TASK TO CARRY OUT: Leave out the pictures and copy every record exactly.

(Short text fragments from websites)
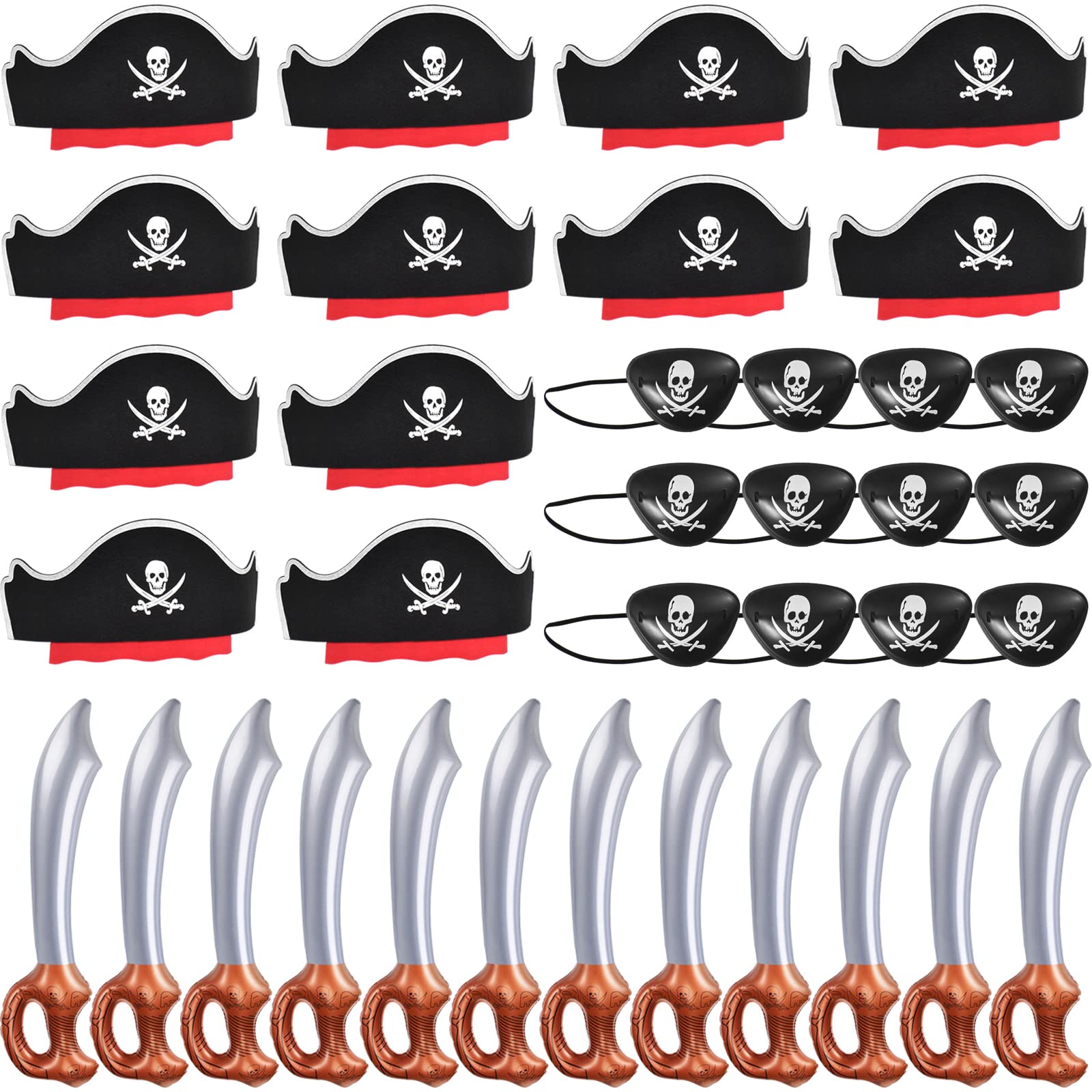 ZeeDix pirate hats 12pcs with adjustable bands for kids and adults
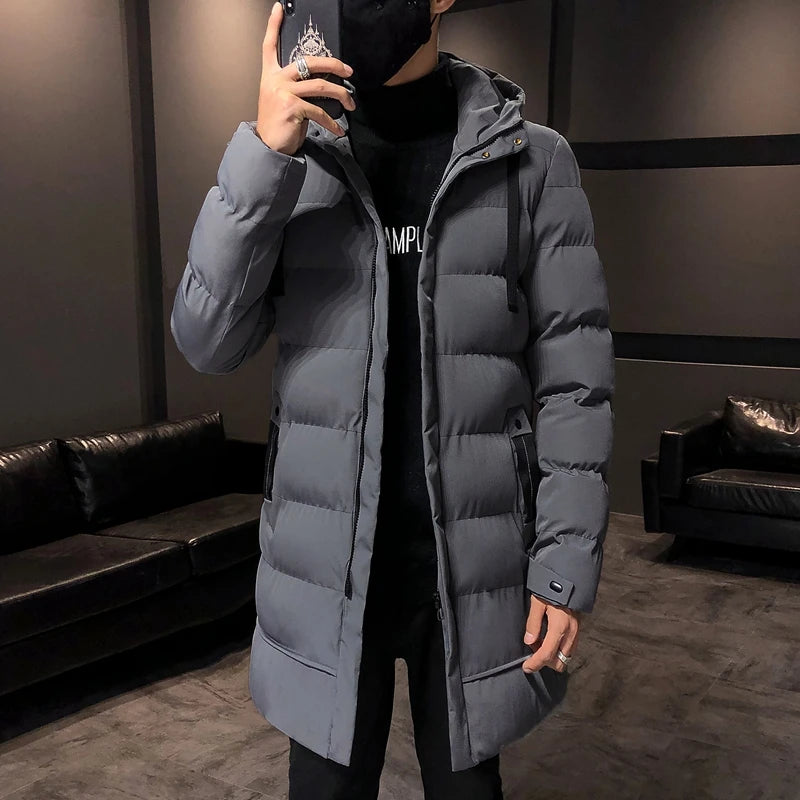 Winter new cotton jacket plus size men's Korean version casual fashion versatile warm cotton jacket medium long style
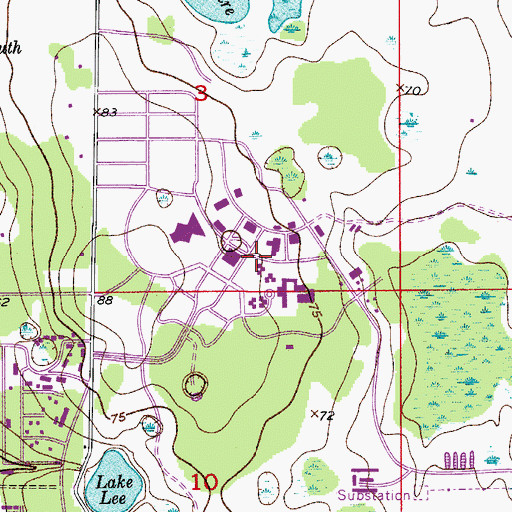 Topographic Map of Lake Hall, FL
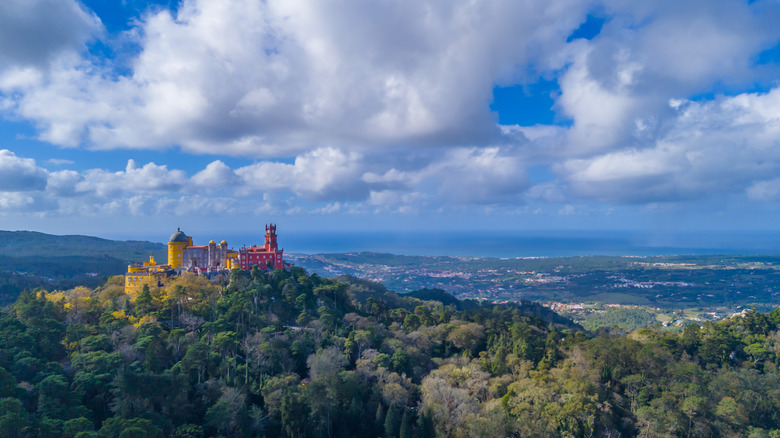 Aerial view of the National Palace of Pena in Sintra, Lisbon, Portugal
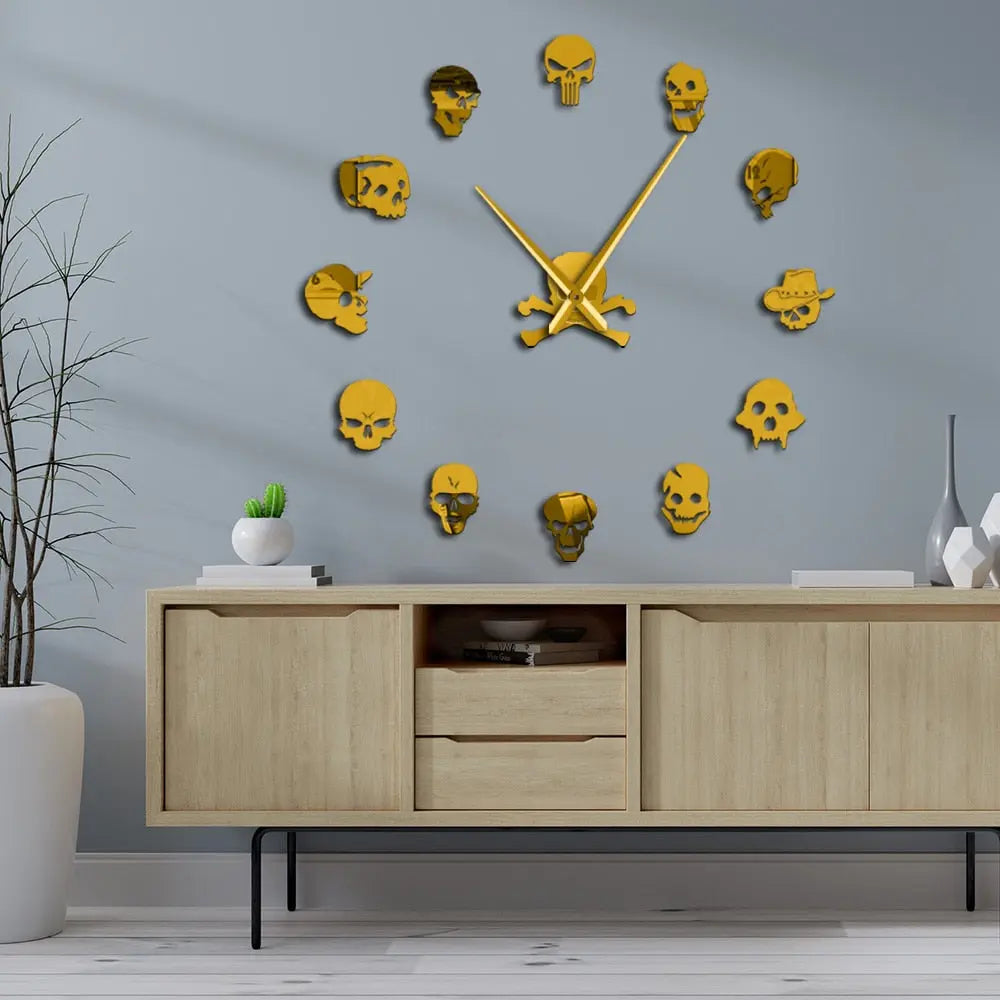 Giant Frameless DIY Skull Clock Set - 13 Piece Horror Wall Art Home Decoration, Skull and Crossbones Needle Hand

COMPLETED TASK:
 ZeeDix pirate hats 12pcs with adjustable bands for kids and adults
 Winter new cotton jacket plus size men's Korean version casual fashion versatile warm cotton jacket medium long style
 Topographic Map of Lake Hall, FL
 Aerial view of the National Palace of Pena in Sintra, Lisbon, Portugal
 Giant Frameless DIY Skull Clock Set - 13 Piece Horror Wall Art Home Decoration, Skull and Crossbones Needle Hand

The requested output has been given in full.